Feishu Evolver Wrapper (Fixed)
WarnAudited by ClawScan on May 10, 2026.
Overview
The skill matches its Feishu evolver-reporting purpose, but it also runs a self-healing background evolver, uses undeclared Feishu tokens, and contains raw/dynamic command execution that needs review.
Review before installing. Use this only if you intentionally want a persistent Feishu-connected evolver, are comfortable with Feishu token use and log uploads, and can verify how to stop the daemon/watchdog. Prefer running it in a sandboxed workspace until the shell execution, dynamic parsing, credential declarations, and metadata provenance are cleaned up.
Findings (6)
Artifact-based informational review of SKILL.md, metadata, install specs, static scan signals, and capability signals. ClawScan does not execute the skill or run runtime probes.
The evolver may continue running and restarting in the background, potentially making changes or sending reports after the user expected the task to be over.
The skill intentionally establishes self-healing persistence for the evolver loop. That is purpose-aligned, but it can keep agent evolution/reporting activity running after the immediate task unless the user clearly controls and stops it.
**Watchdog**: Managed via OpenClaw Cron job `evolver_watchdog_robust` (runs `lifecycle.js ensure` every 10 min). ... Ensures the loop restarts if it crashes or hangs.
Install only if you want a persistent evolver. Verify the stop/disable command, check cron/watchdog state, and require explicit user approval before starting or ensuring the daemon.
If attacker-controlled or model-generated text reaches this parser, it could run code in the local OpenClaw workspace.
This executes a constructed JavaScript string. Without full proof that `sanitized` is trusted and strictly constrained, this is materially risky in a long-running evolver wrapper.
const parsed = new Function('return (' + sanitized + ')')();Replace dynamic evaluation with `JSON.parse` or a strict schema parser, and document any unavoidable code execution with strong input validation.
A crafted environment variable or saved token value could cause unintended local commands to run under the user's account.
An environment-derived value is interpolated into a shell command.
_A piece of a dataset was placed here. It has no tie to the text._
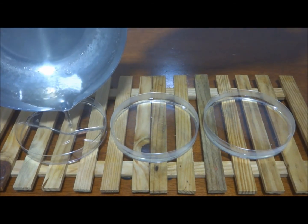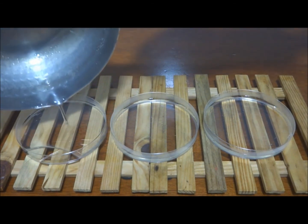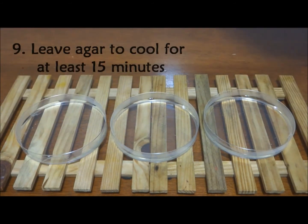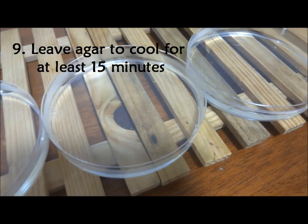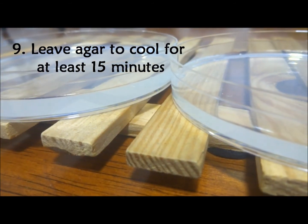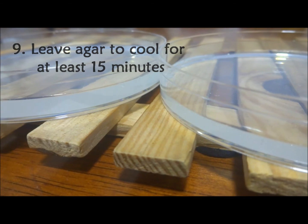Do not replace the lid of the petri dish. Leave the agar to cool for at least 15 minutes. Do not tilt or shake the plate when the agar is cooling, as this will affect the consistency of the agar.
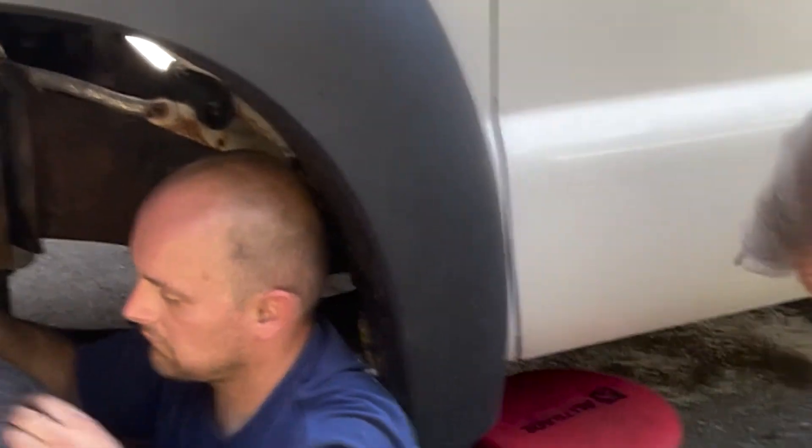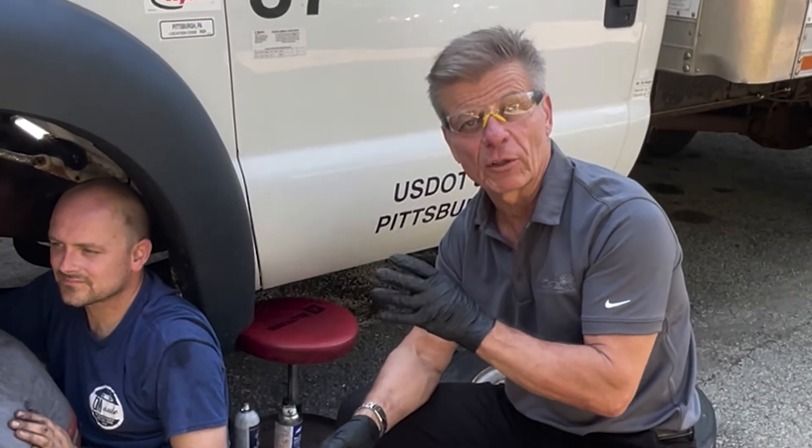We got here about 4:40, and it's now 5 after 5. What David has shown you is that you can remove a broken tap with Promax tooling.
Similar shell construction is used for document append operations, creating command-injection risk if env/state values are influenced.
const grantArg = masterId ? ` --grant "${masterId}"` : ''; const result = execSync(`node "${CREATE_SCRIPT}" --title "Evolver Issue Tracker"${grantArg}`, ...);Use `spawn`/`execFile` with argument arrays, validate Feishu IDs/tokens, avoid shell strings, and require approval for high-impact command paths.
The skill can act through the user's Feishu integration and write to Feishu documents using stored account tokens.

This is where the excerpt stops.